(EXERCISE OBJECTIVE): Retype only the lines below from the one with "Leinwandbilder - Abstract" to the one with "PENDENTE GOCCIA DOURADO", inclusive, skipping every image.

*-*-*

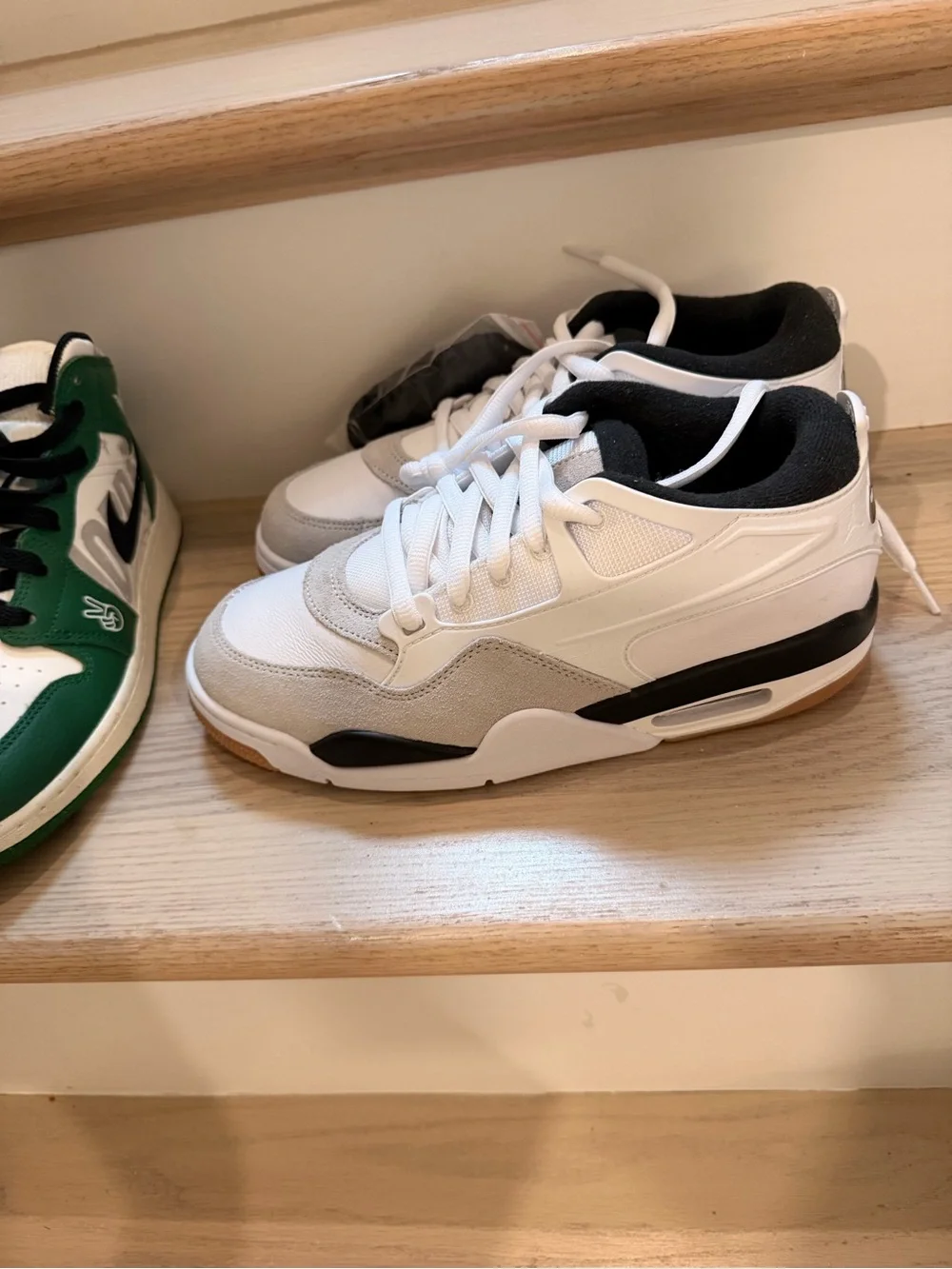 Jordan Kids White, Gray & Black Low-Top Sneakers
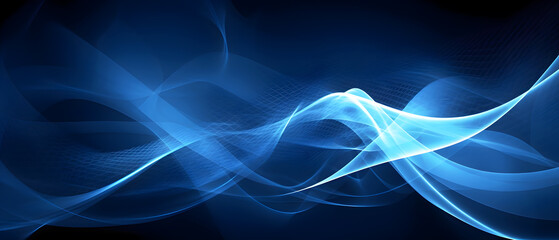 Leinwandbilder - Abstract dark blue background with light waves and geometric structures. Graphical representation of the ultrasound.
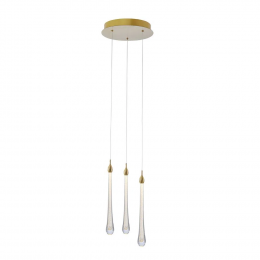 PENDENTE GOCCIA DOURADO E TRANSPARENTE (D)30CM (A)41CM 3X3W 3000K 480LM - OC002M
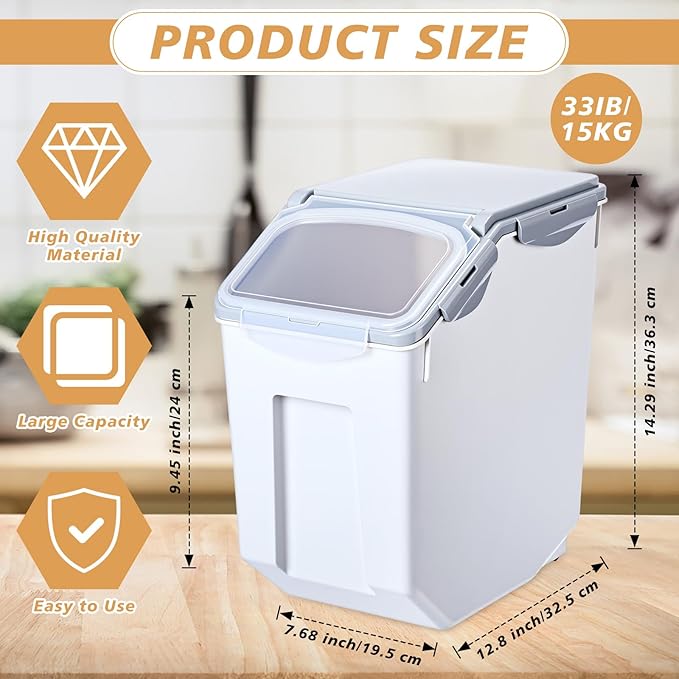Umigy 4 Pack Rice Storage Container With Wheels Plastic Airtight Lid Flour Container Bin for Dog Pet Cereal Grain Dry Food, 15 Liter / 30 lbs (Gray)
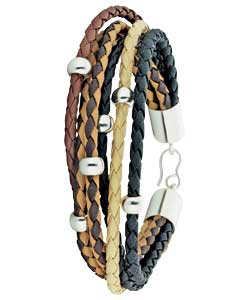 Sterling Silver and Brown Multi Rope Bracelet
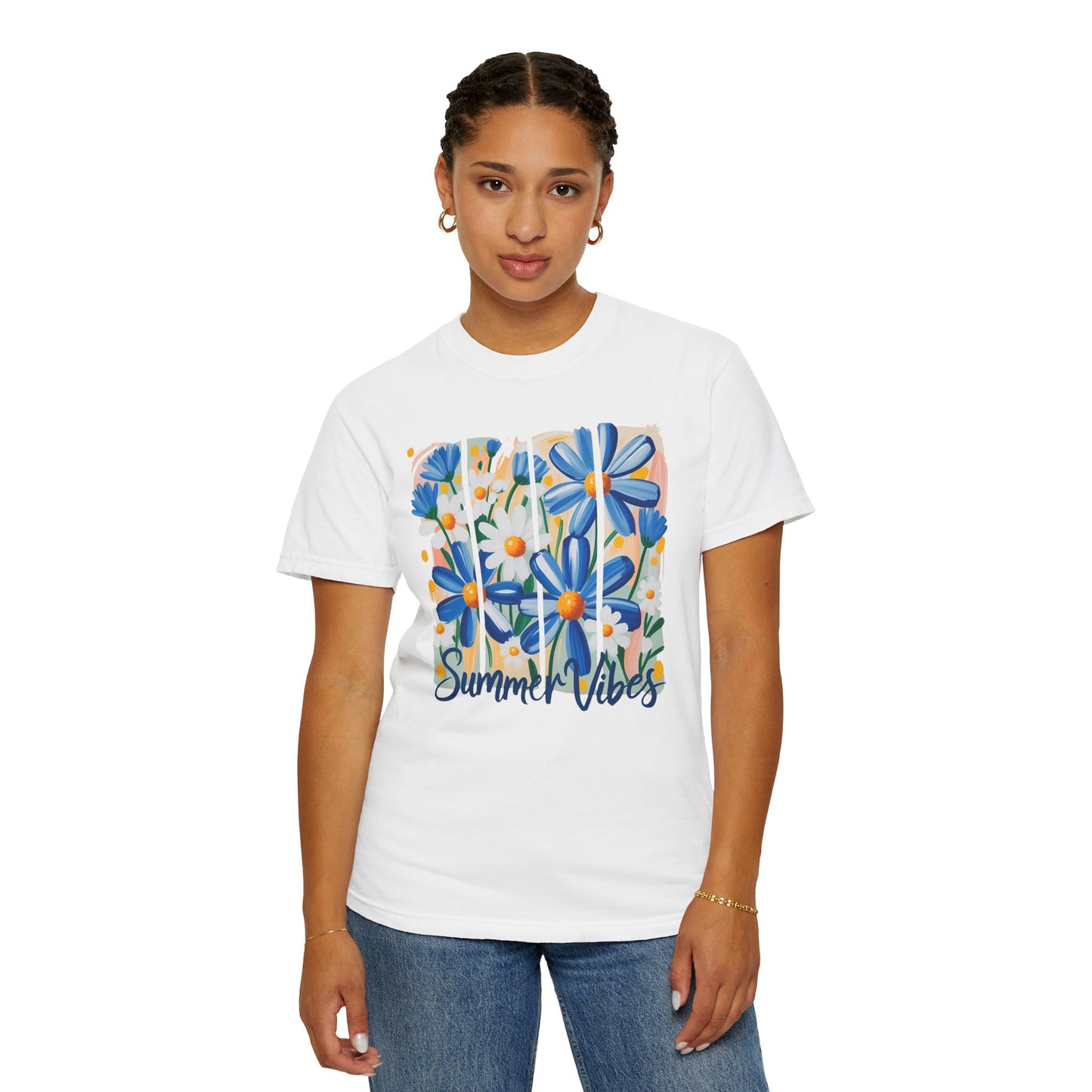 Blue Daisy Summer Vibes Garment-Dyed T-shirt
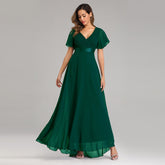 Hand-Folded Large V-neck Dress Chiffon Elastic Banquet Bridesmaid Evening Dress for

*-*-*

(RESPONSE BELOW):
 Leinwandbilder - Abstract dark blue background with light waves and geometric structures. Graphical representation of the ultrasound.
 PENDENTE GOCCIA DOURADO E TRANSPARENTE (D)30CM (A)41CM 3X3W 3000K 480LM - OC002M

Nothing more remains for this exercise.